Belief Calibration Under ToM Elicitation

This page expands the analysis behind Figure 4 in the paper: whether agents form accurate first-order beliefs about opponents, and whether eliciting second-order ToM signals indirectly improves first-order calibration.

Paper Section 4 (Experiment) Figure 4 Belief Accuracy via KL
Figure 4 KL divergence between V1 and opponent V0
Figure 4. Turn-wise KL divergence between an agent's first-order ToM estimate (V1) and the opponent's zero-order report (V0) under V1-group and V2-group settings.

Experimental Setup

The protocol follows Section 4 of the paper and keeps the decision policy unconstrained by explicit strategy instructions.

  • Models: GPT-4o, o3, o4-mini, GPT-5 (medium reasoning effort).
  • Evaluation regime: self-play (same-model vs same-model).
  • Task set: first half of predefined instances (20 out of 40).
  • Opponent baseline: same-model agent outputting only V0.
  • Compared groups: V0-group, V1-group, V2-group.
  • No policy instruction is added for how ToM reports should be used; usage is implicit.

Why this matters: the setup isolates whether richer ToM traces change behavior/calibration without hand-coding a reasoning policy.

Belief Error as Distribution Distance

KL Divergence

For each turn, the paper compares a player's first-order estimate of opponent item values (V1) with the opponent's actual zero-order self-valuation (V0). Lower KL indicates closer alignment between inferred and reported opponent preferences.

\[ D_{\mathrm{KL}}(P\|Q)=\sum_i P(i)\log\frac{P(i)}{Q(i)} \]

\[ P:=\mathrm{normalize}(V1),\quad Q:=\mathrm{normalize}(V0_{\text{opponent}}) \]

Lower \(D_{\mathrm{KL}}\) means the first-order belief is closer to the opponent's reported self-valuation.

The curve is plotted by turn index, enabling us to inspect whether belief quality improves from interaction history rather than only aggregate averages.

Observed Trend Weaker models show larger KL overall.
Turn Dynamics KL often decreases over turns for stronger models.
V2 Effect V2-group can slightly improve first-order calibration.
Main Claim Belief calibration differs significantly by model generation.

What Figure 4 Demonstrates

Model Separation

GPT-4o has substantially higher KL, indicating difficulty in accurately estimating opponent goals/utilities. o3 and GPT-5 show tighter alignment.

Turn-Level Adaptation

In stronger models, KL tends to drop as the game progresses, suggesting they update opponent models from observed trade history.

Indirect Regularization

Asking agents to also provide second-order estimates (V2) can sharpen first-order estimates, even though the metric directly evaluates only V1.

Behavioral Relevance

This calibration signal is linked to downstream proposal/decision analyses in Sections 4.1 and 4.2, rather than being treated as an isolated score.

Interpretation, Scope, and Caveats

Interpretation

Figure 4 supports a key separation emphasized later in the paper: producing plausible ToM text is not equivalent to policy-level integration.
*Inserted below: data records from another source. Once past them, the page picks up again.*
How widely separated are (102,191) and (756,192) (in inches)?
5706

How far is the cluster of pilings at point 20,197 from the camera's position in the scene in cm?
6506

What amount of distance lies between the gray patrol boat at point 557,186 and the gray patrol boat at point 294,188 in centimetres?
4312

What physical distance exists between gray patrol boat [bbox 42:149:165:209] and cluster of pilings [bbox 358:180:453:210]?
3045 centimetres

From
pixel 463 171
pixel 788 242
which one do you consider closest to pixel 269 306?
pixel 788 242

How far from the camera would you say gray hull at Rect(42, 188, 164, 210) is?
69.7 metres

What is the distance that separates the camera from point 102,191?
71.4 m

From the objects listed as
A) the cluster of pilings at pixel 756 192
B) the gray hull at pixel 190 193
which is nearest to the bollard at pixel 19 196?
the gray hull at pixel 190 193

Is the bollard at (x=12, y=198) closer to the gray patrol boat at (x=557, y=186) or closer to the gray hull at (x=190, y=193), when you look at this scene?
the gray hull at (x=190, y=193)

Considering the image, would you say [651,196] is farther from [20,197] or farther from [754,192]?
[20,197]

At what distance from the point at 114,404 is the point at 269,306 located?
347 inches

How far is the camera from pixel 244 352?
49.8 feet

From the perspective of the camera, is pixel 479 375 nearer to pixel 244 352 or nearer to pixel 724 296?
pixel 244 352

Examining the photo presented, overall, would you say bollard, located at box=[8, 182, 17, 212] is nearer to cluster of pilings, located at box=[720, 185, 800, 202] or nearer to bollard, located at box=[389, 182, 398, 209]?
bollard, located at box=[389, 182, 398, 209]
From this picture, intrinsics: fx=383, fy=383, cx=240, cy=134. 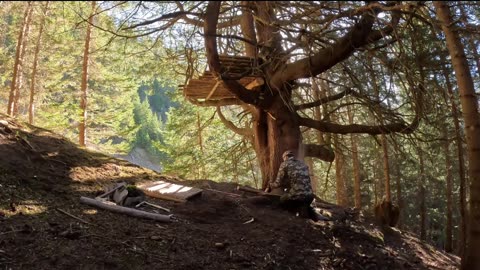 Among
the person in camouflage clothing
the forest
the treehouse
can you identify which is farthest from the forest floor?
the treehouse

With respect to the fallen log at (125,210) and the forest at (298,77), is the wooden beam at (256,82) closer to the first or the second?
the forest at (298,77)

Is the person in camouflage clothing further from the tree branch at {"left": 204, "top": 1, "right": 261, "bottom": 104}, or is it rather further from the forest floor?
the tree branch at {"left": 204, "top": 1, "right": 261, "bottom": 104}

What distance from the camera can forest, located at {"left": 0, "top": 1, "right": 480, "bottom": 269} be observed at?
5.30 metres

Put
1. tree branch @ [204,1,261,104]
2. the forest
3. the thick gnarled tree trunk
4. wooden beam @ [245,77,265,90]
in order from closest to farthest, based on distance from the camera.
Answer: tree branch @ [204,1,261,104] < the forest < the thick gnarled tree trunk < wooden beam @ [245,77,265,90]

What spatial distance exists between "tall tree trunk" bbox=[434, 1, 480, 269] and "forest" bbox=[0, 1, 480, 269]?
0.01 metres

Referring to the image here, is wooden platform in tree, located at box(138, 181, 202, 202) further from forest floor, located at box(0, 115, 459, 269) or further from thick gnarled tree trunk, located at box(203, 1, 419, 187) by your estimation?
thick gnarled tree trunk, located at box(203, 1, 419, 187)

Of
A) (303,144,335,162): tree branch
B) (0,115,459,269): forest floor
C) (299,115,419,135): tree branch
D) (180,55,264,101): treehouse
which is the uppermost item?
(180,55,264,101): treehouse

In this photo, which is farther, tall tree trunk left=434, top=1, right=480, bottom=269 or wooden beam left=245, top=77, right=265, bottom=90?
wooden beam left=245, top=77, right=265, bottom=90

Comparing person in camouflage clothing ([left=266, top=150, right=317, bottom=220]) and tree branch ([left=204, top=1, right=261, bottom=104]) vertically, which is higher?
tree branch ([left=204, top=1, right=261, bottom=104])

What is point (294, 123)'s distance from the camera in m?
9.76

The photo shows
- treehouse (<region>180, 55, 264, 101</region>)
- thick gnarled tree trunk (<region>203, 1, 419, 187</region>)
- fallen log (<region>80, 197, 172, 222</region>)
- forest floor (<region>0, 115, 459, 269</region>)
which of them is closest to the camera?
forest floor (<region>0, 115, 459, 269</region>)

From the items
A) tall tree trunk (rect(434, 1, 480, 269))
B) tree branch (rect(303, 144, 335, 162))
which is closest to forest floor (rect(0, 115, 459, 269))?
tree branch (rect(303, 144, 335, 162))

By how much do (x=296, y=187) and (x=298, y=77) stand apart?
2.38m

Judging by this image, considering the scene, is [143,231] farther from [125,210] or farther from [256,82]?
[256,82] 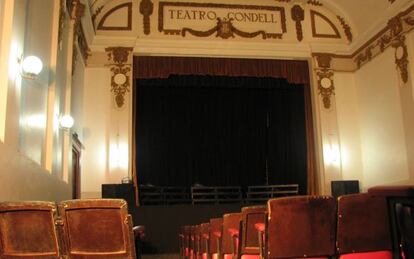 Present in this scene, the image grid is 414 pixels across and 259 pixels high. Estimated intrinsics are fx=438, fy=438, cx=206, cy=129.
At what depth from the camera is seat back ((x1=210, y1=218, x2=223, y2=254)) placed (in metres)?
3.43

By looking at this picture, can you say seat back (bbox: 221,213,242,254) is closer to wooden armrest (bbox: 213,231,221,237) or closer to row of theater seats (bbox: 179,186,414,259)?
wooden armrest (bbox: 213,231,221,237)

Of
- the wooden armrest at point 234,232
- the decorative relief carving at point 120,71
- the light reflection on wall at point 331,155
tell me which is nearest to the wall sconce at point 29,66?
the wooden armrest at point 234,232

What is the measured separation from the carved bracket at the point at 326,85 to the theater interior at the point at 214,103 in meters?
0.03

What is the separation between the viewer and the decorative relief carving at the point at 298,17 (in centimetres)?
1030

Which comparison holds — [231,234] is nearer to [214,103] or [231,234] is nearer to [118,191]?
[118,191]

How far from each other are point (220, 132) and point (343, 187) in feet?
11.3

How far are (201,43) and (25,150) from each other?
5.97 m

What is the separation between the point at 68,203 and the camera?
2.36 metres

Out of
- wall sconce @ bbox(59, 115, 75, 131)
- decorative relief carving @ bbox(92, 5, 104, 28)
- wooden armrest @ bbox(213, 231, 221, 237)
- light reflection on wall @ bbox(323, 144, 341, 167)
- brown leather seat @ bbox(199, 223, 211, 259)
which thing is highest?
decorative relief carving @ bbox(92, 5, 104, 28)

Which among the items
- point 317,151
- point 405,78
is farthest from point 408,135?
point 317,151

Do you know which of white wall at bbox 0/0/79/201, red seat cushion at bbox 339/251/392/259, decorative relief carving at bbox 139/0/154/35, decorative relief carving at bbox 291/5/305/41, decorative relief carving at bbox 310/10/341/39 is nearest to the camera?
red seat cushion at bbox 339/251/392/259

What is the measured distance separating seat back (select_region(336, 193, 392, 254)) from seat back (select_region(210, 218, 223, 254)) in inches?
45.8

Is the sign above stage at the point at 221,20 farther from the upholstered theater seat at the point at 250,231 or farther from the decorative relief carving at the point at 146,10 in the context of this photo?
the upholstered theater seat at the point at 250,231

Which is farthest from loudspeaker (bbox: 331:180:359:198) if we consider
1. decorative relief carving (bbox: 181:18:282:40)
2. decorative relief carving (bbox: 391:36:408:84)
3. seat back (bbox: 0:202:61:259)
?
seat back (bbox: 0:202:61:259) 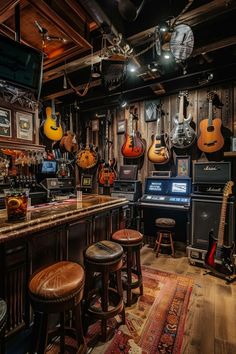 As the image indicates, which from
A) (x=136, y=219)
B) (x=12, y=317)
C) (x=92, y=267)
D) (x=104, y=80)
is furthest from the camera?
(x=136, y=219)

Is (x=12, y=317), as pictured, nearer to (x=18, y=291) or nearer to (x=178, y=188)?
(x=18, y=291)

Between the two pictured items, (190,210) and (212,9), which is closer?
(212,9)

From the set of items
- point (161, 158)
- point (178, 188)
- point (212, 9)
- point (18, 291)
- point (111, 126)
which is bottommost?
point (18, 291)

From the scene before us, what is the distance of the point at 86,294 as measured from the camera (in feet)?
6.07

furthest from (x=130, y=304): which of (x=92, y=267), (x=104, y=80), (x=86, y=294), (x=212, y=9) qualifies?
(x=212, y=9)

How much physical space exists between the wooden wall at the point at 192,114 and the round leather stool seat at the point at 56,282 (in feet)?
10.6

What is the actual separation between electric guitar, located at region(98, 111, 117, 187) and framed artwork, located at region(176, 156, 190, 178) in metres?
1.51

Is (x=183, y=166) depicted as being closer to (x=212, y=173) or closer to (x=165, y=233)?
(x=212, y=173)

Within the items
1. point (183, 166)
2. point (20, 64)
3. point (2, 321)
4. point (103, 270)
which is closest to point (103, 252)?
point (103, 270)

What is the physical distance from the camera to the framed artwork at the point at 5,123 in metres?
2.52

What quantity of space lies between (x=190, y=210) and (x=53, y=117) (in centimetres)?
355

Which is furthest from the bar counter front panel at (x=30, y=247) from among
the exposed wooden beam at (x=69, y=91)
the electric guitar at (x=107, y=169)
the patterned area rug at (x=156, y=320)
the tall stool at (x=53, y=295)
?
the exposed wooden beam at (x=69, y=91)

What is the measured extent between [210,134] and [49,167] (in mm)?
3173

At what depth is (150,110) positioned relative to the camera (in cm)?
427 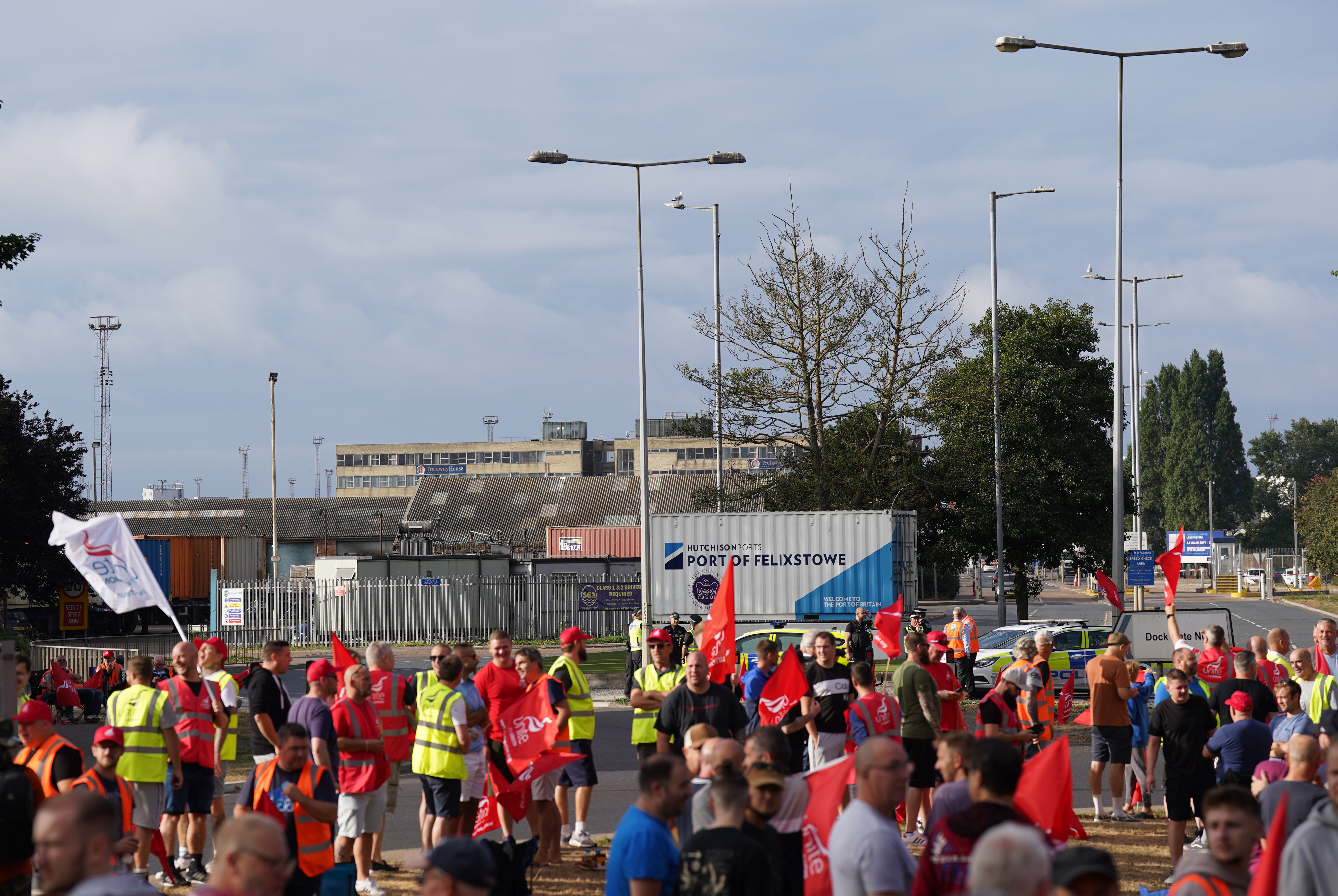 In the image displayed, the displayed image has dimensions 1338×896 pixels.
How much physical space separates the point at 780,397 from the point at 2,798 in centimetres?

Belief calibration quality appears to be a necessary condition for strategic ToM use, but not a sufficient one.

  • Necessary signal: lower KL means the model's opponent model is closer to observed opponent self-valuation.
  • Not sufficient: calibration alone does not guarantee fair proposals or cooperative acceptance behavior.
  • Bridge to later sections: proposal slope/correlation and logistic weights test whether these beliefs are translated into action.

Limitations in This Analysis

  • Self-play only in the main experiment; human-agent calibration is future work.
  • Prompt-based elicitation of ToM reports rather than learned latent belief modules.
  • ToM order evaluated up to second-order in this study.